Data –
________

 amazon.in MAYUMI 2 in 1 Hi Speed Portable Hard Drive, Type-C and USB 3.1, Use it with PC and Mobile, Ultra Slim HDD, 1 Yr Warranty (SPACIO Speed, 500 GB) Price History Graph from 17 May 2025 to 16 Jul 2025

________

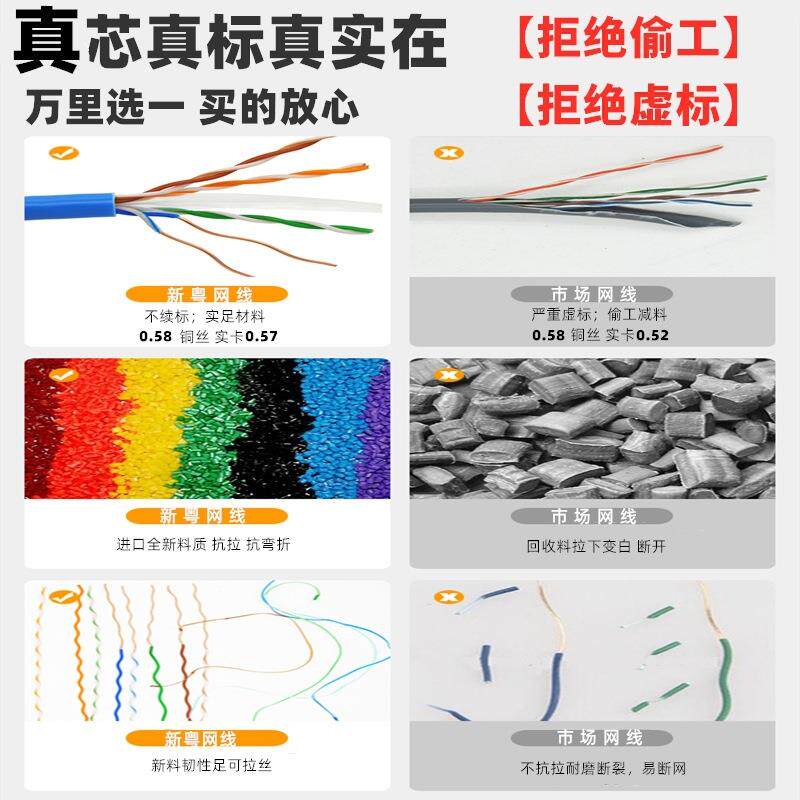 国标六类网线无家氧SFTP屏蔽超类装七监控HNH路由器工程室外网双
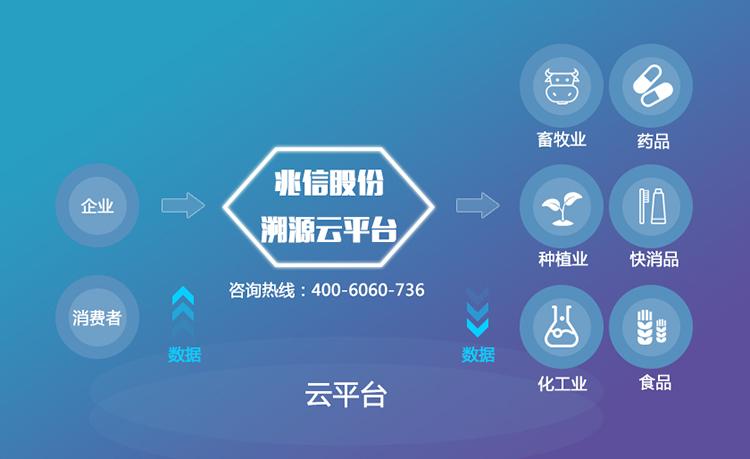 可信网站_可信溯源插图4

________

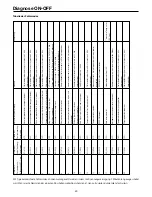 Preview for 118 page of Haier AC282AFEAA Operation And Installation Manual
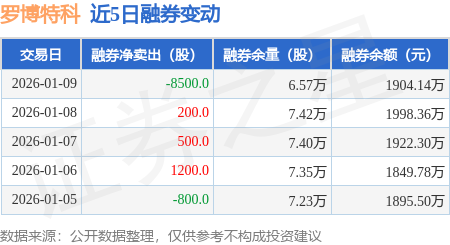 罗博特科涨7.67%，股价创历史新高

________

In the entries above, find the line with "Preview for 118" and the line with "罗博特科涨7.67%，股价创历史新高". Return exactly those lines and all the ones between them, pictures excluded.

 Preview for 118 page of Haier AC282AFEAA Operation And Installation Manual
 罗博特科涨7.67%，股价创历史新高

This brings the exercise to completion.